╔══

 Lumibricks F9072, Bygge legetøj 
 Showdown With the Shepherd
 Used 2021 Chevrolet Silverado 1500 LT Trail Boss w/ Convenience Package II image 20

╚══

EXERCISE DIRECTIONS:
Using the line that contains "Showdown With the Shepherd" as the first, reproduce each line exactly through the last line of the listing.

REPLY TO THE TASK:
 Showdown With the Shepherd
 Used 2021 Chevrolet Silverado 1500 LT Trail Boss w/ Convenience Package II image 20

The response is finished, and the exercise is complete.